--- START ---

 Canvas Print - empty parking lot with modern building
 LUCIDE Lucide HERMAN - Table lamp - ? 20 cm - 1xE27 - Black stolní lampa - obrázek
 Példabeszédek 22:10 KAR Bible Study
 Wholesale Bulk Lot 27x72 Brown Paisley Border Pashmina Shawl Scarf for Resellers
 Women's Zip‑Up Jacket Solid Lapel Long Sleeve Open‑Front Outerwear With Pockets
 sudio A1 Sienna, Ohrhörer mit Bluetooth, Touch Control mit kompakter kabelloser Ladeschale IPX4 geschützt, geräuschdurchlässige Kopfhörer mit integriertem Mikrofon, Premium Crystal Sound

--- END ---

__DIRECTIONS FOR THIS TASK__
Go to the line holding "Women's Zip‑Up Jacket" in the entries above and return it, along with every line after it, exactly as written.

__SOLVED PROBLEM__
 Women's Zip‑Up Jacket Solid Lapel Long Sleeve Open‑Front Outerwear With Pockets
 sudio A1 Sienna, Ohrhörer mit Bluetooth, Touch Control mit kompakter kabelloser Ladeschale IPX4 geschützt, geräuschdurchlässige Kopfhörer mit integriertem Mikrofon, Premium Crystal Sound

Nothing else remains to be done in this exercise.